14. The method according to claim 12, wherein determining the at least one data flow NAT-associated with the first data flow comprises:
sending a second query request to a second network node, wherein the second query request comprises the fingerprint feature of the first data flow;
receiving a second query response sent by the second network node, wherein the second query response comprises a first flow identifier and setup time of a second data flow having a same fingerprint feature as the first data flow; and
determining, when an absolute value of a time difference between the setup time of the second data flow and the setup time of the first data flow is less than a threshold, that the first data flow is NAT-associated with the second data flow.
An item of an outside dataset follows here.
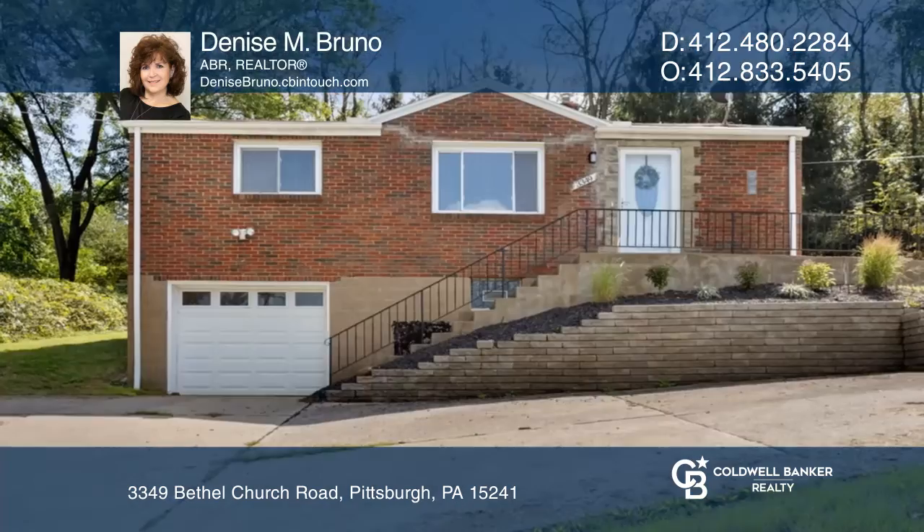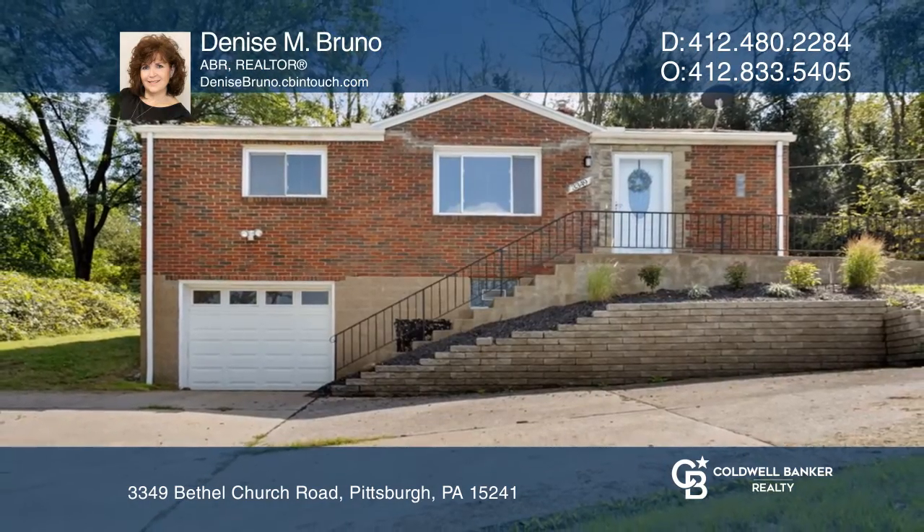Don't wait, schedule a tour with Denise M. Bruno before it's too late.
15. The method according to claim 13, wherein the first query response further comprises a first flow identifier and setup time of a second data flow having a same fingerprint feature as the first data flow; and
determining at least one data flow NAT-associated with the first data flow comprises:
determining, when an absolute value of a time difference between the setup time of the second data flow and the setup time of the first data flow is less than a threshold, that the first data flow is NAT-associated with the second data flow.
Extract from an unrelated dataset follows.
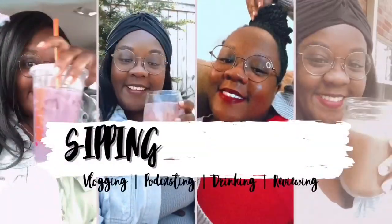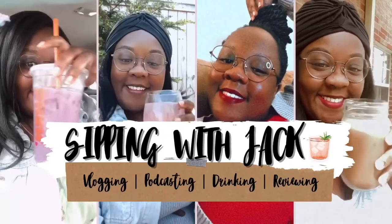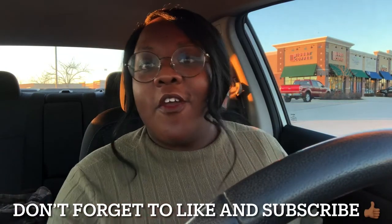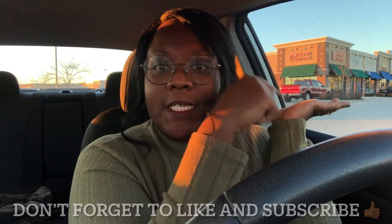Hi everyone, welcome back to my channel. My name is Jack and this is Sipping with Jack, which is a channel where I review all types of beverages, non-alcoholic and alcoholic. In today's video I am trying out an eggnog latte from one of my favorite places.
16. The method according to claim 12, wherein obtaining the fingerprint feature and setup time of the first data flow comprises:
receiving a first query request, wherein the first query request comprises a first flow identifier of the first data flow; and
determining the fingerprint feature and the setup time of the first data flow based on the first flow identifier of the first data flow.
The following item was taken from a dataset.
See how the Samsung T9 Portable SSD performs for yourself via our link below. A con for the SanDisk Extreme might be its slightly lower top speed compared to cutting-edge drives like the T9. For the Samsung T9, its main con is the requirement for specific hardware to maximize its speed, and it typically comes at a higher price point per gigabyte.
17. The method according to claim 12, wherein determining, the at least one data flow NAT-associated with the first data flow comprises:
determining a second data flow based on the fingerprint feature of the first data flow, wherein a fingerprint feature of the second data flow is the same as the fingerprint feature of the first data flow; and
determining, when an absolute value of a time difference between setup time of the second data flow and the setup time of the first data flow is less than a threshold, that the first data flow is NAT-associated with the second data flow.
18. The method according to claim 12, wherein the fingerprint feature comprises at least one of following features:
an internet protocol identifier (IPID) of a first data packet, a payload of the first data packet, a hash value of the payload of the first data packet, an IPID of a synchronize sequence number (SYN) packet in a transmission control protocol (TCP) three-way handshake process, an initial sequence number (ISN) of the SYN packet in the TCP three-way handshake process, or an ISN of an SYN-ACK packet in the TCP three-way handshake process.
19. The method according to claim 14, wherein determining, when an absolute value of a time difference between setup time of the second data flow and the setup time of the first data flow is less than a threshold, that the first data flow is NAT-associated with the second data flow comprises:
determining, when the absolute value of the time difference between the setup time of the second data flow and the setup time of the first data flow is less than the threshold and a fingerprint conflict does not exist between the first data flow and the second data flow, that the first data flow is NAT-associated with the second data flow, wherein the fingerprint conflict means that fingerprint features of non-NAT-associated data flows are the same.
20. The method according to claim 19, comprising:
determining at least one third data flow having a same second flow identifier as the second data flow;
determining at least one fourth data flow having a same fingerprint feature as each third data flow; and
determining, when an absolute value of a time difference between setup time of one fourth data flow in the at least one fourth data flow and setup time of a corresponding third data flow is less than a threshold and a second flow identifier of the fourth data flow is the same as a second flow identifier of a first data flow, that a fingerprint conflict does not exist between the first data flow and the second data flow.